The implementation follows the "Not My Fault" pattern: Every single component is small and well-documented. If anything goes wrong it "can't be my fault", as most functionality is provided by the well-tested standard library.

Since the core random generator is always at least as secure as the Mersenne Twister (and MT19937 can be easily enforced using another compilation flag), this analysis is going to assume that MT19937 is being used.

The following attack vectors exist:

Guess the initial state of MT19937.
Attack on MT19937.
Access hardware/software directly (e.g. read program memory).
Guess the state of MT19937 by observing the outputs.
Exploit shift in probabilities caused by removal of duplicates.

Points 1 through 3 are outside the scope of this module, and would require additional hardware (or at least significant help from the Operation System) to avoid.

"Guess the state of MT19937" - avoided!

As Wikipedia tells us, 624 observed 32-bit results are sufficient to compute the state of MT19937.
However, this attack vector is thwarted, because:

A single spin has at most 38 (American) or 37 (French) possible outcomes. This means the attacker learns at each spin a bit less than 5.25 bits about the state. Now the attacker has to observe 3804 spins! This alone would require significant amounts of work, and would still not lead to success because:
Removal of duplicates obscures the true results of MT19937. Let's look at the sequence (12, 23). Even if the attacker has access to the source code and knows how it works, it is impossible to say from the output alone whether MT19937 generated precisely that sequence, or (12, 12, 23), and the duplicate 12 was swallowed by the run-removal.

Thus the attacker not only has to acquire a very large amount of samples, but also has to solve the probabilistic problem of determining where the run-removal might have kicked in.

"Exploit shift in probabilities" - avoided!

An attacker might learn that this roulette wheel is not, in fact, fair. The worst-case manifestation of this is: The attacker reads and understands the source code perfectly, and knows precisely how duplicates are avoided.

The first difference is that a second occurrence of a spin result is made unlikely. Let n=37 in case of French wheels and n=38 for American wheels. Then a second occurrence of a number requires that the fair wheel produces the first number twice. The probability of this is 1 / (n*n). This boosts the probability of the other results. Let's assume (for the advantage of the attacker) that the probability of a duplicate is decreased to 0; boosting the probability of each other result to 1 / (n-1). Then the house edge is either reduced (American wheel) or precisely annihilated (French wheel).
So in the actual scenario (where duplicates are still possible), the house edge is at least partially preserved. So the attacker can, at best, reduce his losses by an insignificant amount, but (still) can't possibly win any money in the long run.

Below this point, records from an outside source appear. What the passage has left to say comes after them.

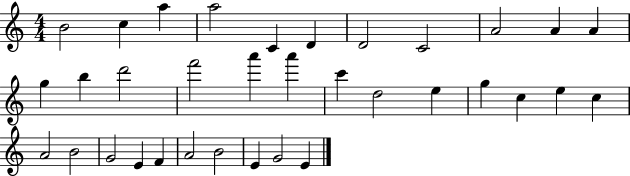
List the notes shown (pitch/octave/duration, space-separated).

B4/h C5/q A5/q A5/h C4/q D4/q D4/h C4/h A4/h A4/q A4/q G5/q B5/q D6/h F6/h A6/q A6/q C6/q D5/h E5/q G5/q C5/q E5/q C5/q A4/h B4/h G4/h E4/q F4/q A4/h B4/h E4/q G4/h E4/q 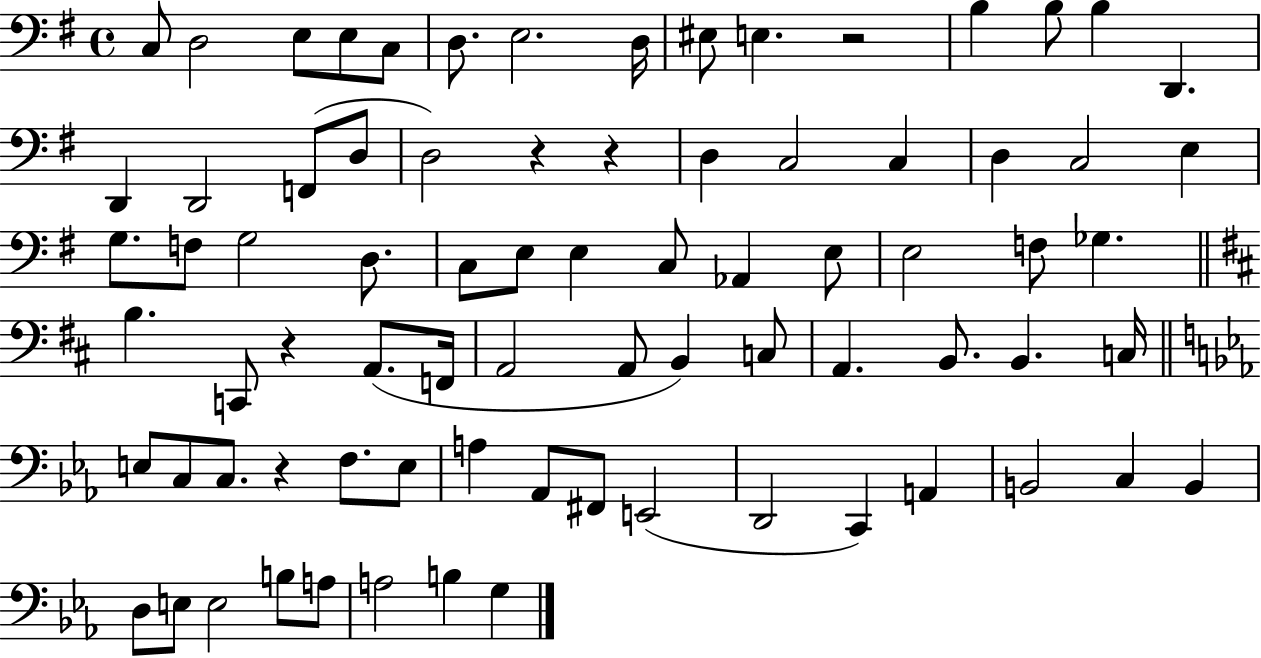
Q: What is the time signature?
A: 4/4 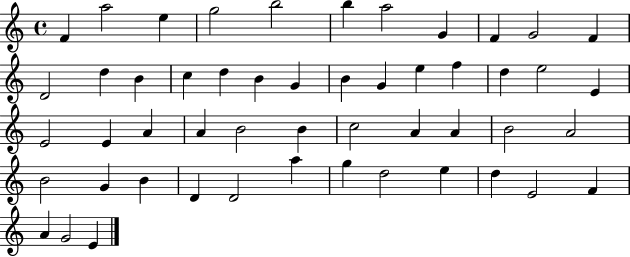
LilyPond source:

{
  \clef treble
  \time 4/4
  \defaultTimeSignature
  \key c \major
  f'4 a''2 e''4 | g''2 b''2 | b''4 a''2 g'4 | f'4 g'2 f'4 | \break d'2 d''4 b'4 | c''4 d''4 b'4 g'4 | b'4 g'4 e''4 f''4 | d''4 e''2 e'4 | \break e'2 e'4 a'4 | a'4 b'2 b'4 | c''2 a'4 a'4 | b'2 a'2 | \break b'2 g'4 b'4 | d'4 d'2 a''4 | g''4 d''2 e''4 | d''4 e'2 f'4 | \break a'4 g'2 e'4 | \bar "|."
} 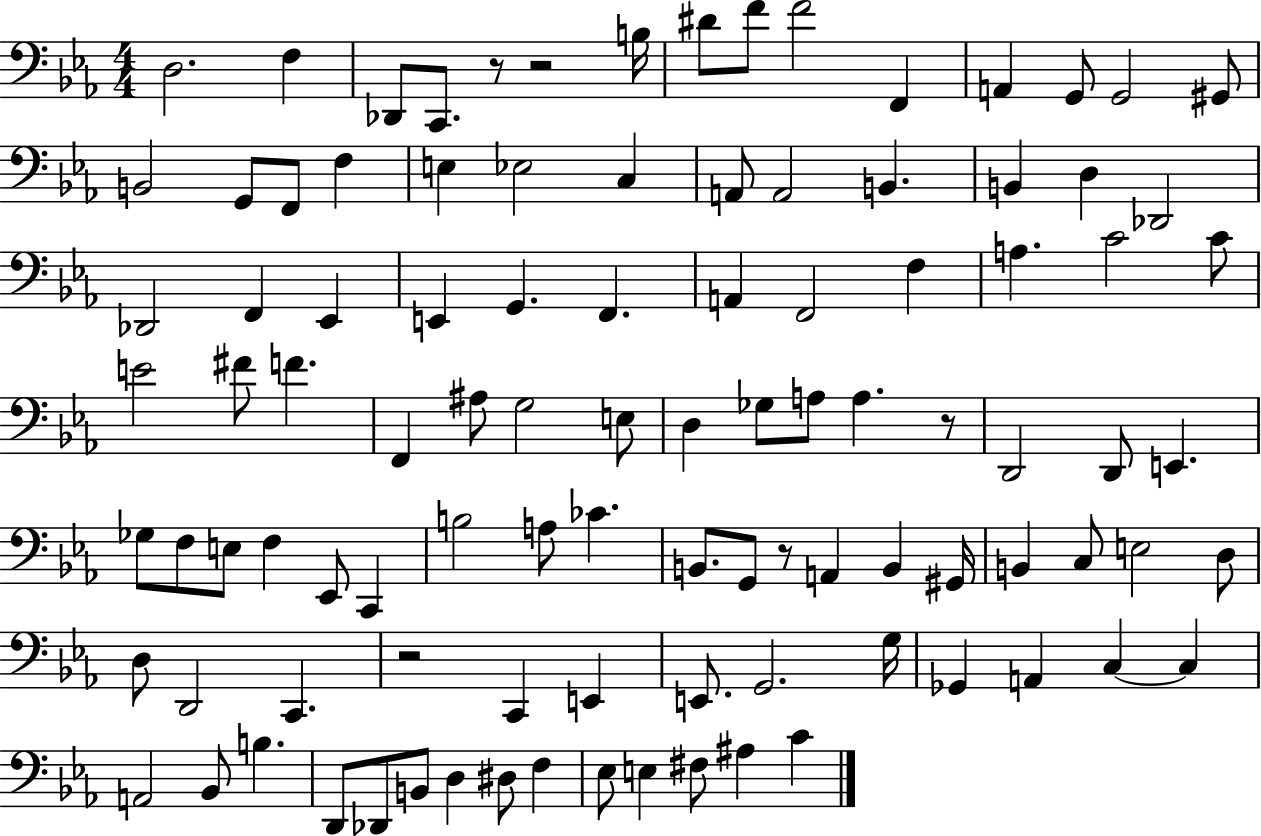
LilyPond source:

{
  \clef bass
  \numericTimeSignature
  \time 4/4
  \key ees \major
  d2. f4 | des,8 c,8. r8 r2 b16 | dis'8 f'8 f'2 f,4 | a,4 g,8 g,2 gis,8 | \break b,2 g,8 f,8 f4 | e4 ees2 c4 | a,8 a,2 b,4. | b,4 d4 des,2 | \break des,2 f,4 ees,4 | e,4 g,4. f,4. | a,4 f,2 f4 | a4. c'2 c'8 | \break e'2 fis'8 f'4. | f,4 ais8 g2 e8 | d4 ges8 a8 a4. r8 | d,2 d,8 e,4. | \break ges8 f8 e8 f4 ees,8 c,4 | b2 a8 ces'4. | b,8. g,8 r8 a,4 b,4 gis,16 | b,4 c8 e2 d8 | \break d8 d,2 c,4. | r2 c,4 e,4 | e,8. g,2. g16 | ges,4 a,4 c4~~ c4 | \break a,2 bes,8 b4. | d,8 des,8 b,8 d4 dis8 f4 | ees8 e4 fis8 ais4 c'4 | \bar "|."
} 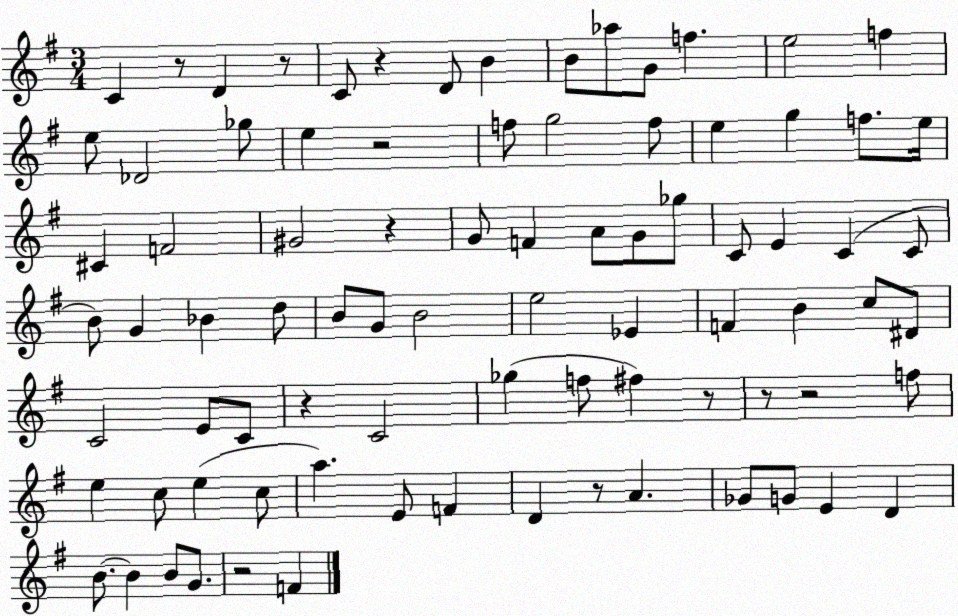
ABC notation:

X:1
T:Untitled
M:3/4
L:1/4
K:G
C z/2 D z/2 C/2 z D/2 B B/2 _a/2 G/2 f e2 f e/2 _D2 _g/2 e z2 f/2 g2 f/2 e g f/2 e/4 ^C F2 ^G2 z G/2 F A/2 G/2 _g/2 C/2 E C C/2 B/2 G _B d/2 B/2 G/2 B2 e2 _E F B c/2 ^D/2 C2 E/2 C/2 z C2 _g f/2 ^f z/2 z/2 z2 f/2 e c/2 e c/2 a E/2 F D z/2 A _G/2 G/2 E D B/2 B B/2 G/2 z2 F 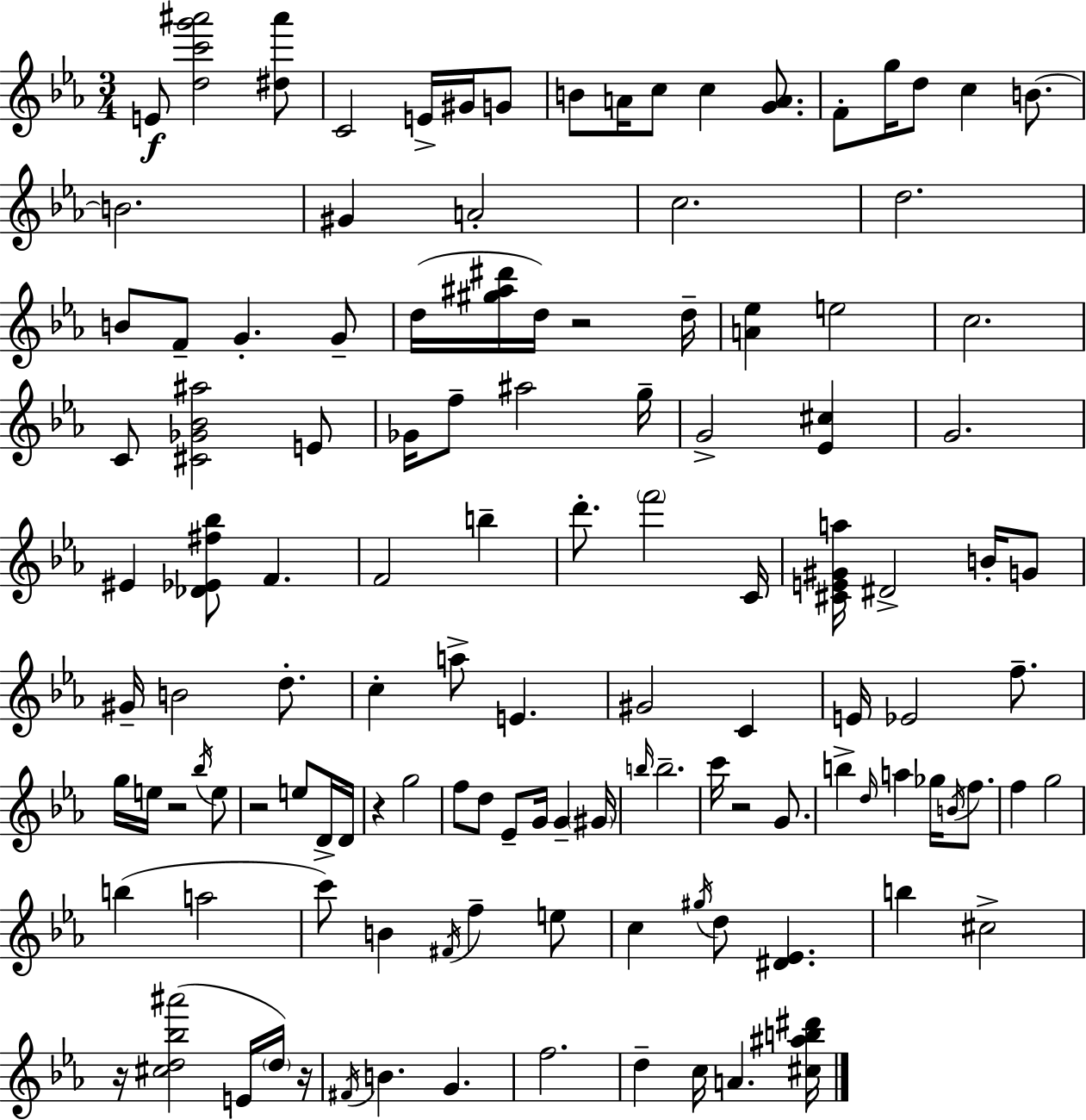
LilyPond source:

{
  \clef treble
  \numericTimeSignature
  \time 3/4
  \key ees \major
  e'8\f <d'' c''' g''' ais'''>2 <dis'' ais'''>8 | c'2 e'16-> gis'16 g'8 | b'8 a'16 c''8 c''4 <g' a'>8. | f'8-. g''16 d''8 c''4 b'8.~~ | \break b'2. | gis'4 a'2-. | c''2. | d''2. | \break b'8 f'8-- g'4.-. g'8-- | d''16( <gis'' ais'' dis'''>16 d''16) r2 d''16-- | <a' ees''>4 e''2 | c''2. | \break c'8 <cis' ges' bes' ais''>2 e'8 | ges'16 f''8-- ais''2 g''16-- | g'2-> <ees' cis''>4 | g'2. | \break eis'4 <des' ees' fis'' bes''>8 f'4. | f'2 b''4-- | d'''8.-. \parenthesize f'''2 c'16 | <cis' e' gis' a''>16 dis'2-> b'16-. g'8 | \break gis'16-- b'2 d''8.-. | c''4-. a''8-> e'4. | gis'2 c'4 | e'16 ees'2 f''8.-- | \break g''16 e''16 r2 \acciaccatura { bes''16 } e''8 | r2 e''8 d'16-> | d'16 r4 g''2 | f''8 d''8 ees'8-- g'16 g'4-- | \break \parenthesize gis'16 \grace { b''16 } b''2.-- | c'''16 r2 g'8. | b''4-> \grace { d''16 } a''4 ges''16 | \acciaccatura { b'16 } f''8. f''4 g''2 | \break b''4( a''2 | c'''8) b'4 \acciaccatura { fis'16 } f''4-- | e''8 c''4 \acciaccatura { gis''16 } d''8 | <dis' ees'>4. b''4 cis''2-> | \break r16 <cis'' d'' bes'' ais'''>2( | e'16 \parenthesize d''16) r16 \acciaccatura { fis'16 } b'4. | g'4. f''2. | d''4-- c''16 | \break a'4. <cis'' ais'' b'' dis'''>16 \bar "|."
}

The second difference arises from the impossibility of a third occurrence. So if the attacker observes a duplicate (which only happens with probability 1 / (n*n)), he knows that this number will not appear again. Due to the diagonalization (the third-least-significant bit is precisely opposite to the previously repeated number; all other bits are randomly generated by the MT19937), the attacker knows even more: Only roughly n/2 of all possible results are then possible for the third spin!
This means that in this very rare scenario, the attacker can guess any number from the remaining possibilities and bet a single unit of money. Then his probability of winning is 1/(n/2) = 2/n. His average payout for this scenario is 36*2/n + (-1)*(n-2)/n = 74/n - 1. On a French wheel this is precisely 1, on an American wheel slightly less.
However, this scenario presents itself only 1/(n*n) of the time. In all other scenarios the attacker (which should participate and again bet one unit of money, otherwise he can be detected and be detained) has an average payout of (36-n)/n. Using this strategy yields a long-term profit of roughly:

((n*n-1)/(n*n)) * (36-n)/n + (1/(n*n)) * (74/n - 1)

For a French wheel, this evaluates to roughly -0.0263, for an American wheel -0.0519. Note that this is not only negative, but also very close to the average payout of a fair (ignorant) player: -0.027 and -0.053, respectively.

So in summary: Exploiting the first property is not profitable. Exploiting the second property is only profitable if the attacker makes it really, really obvious by placing bets at least 40 (French) or 85 (American) times their usual bet. Even if he exploits the "wrapping" really well (reducing the result space to n/3, which doesn't happen), the factors are at least 25 (French) and 45 (American). Please note that this "flaw" is due to the very requirement, and not a bug.

Why this is NOT secure

THIS SECTION IS A SPOILER!

I strongly recommend that you first read the source code and try to find the "cheat" on your own.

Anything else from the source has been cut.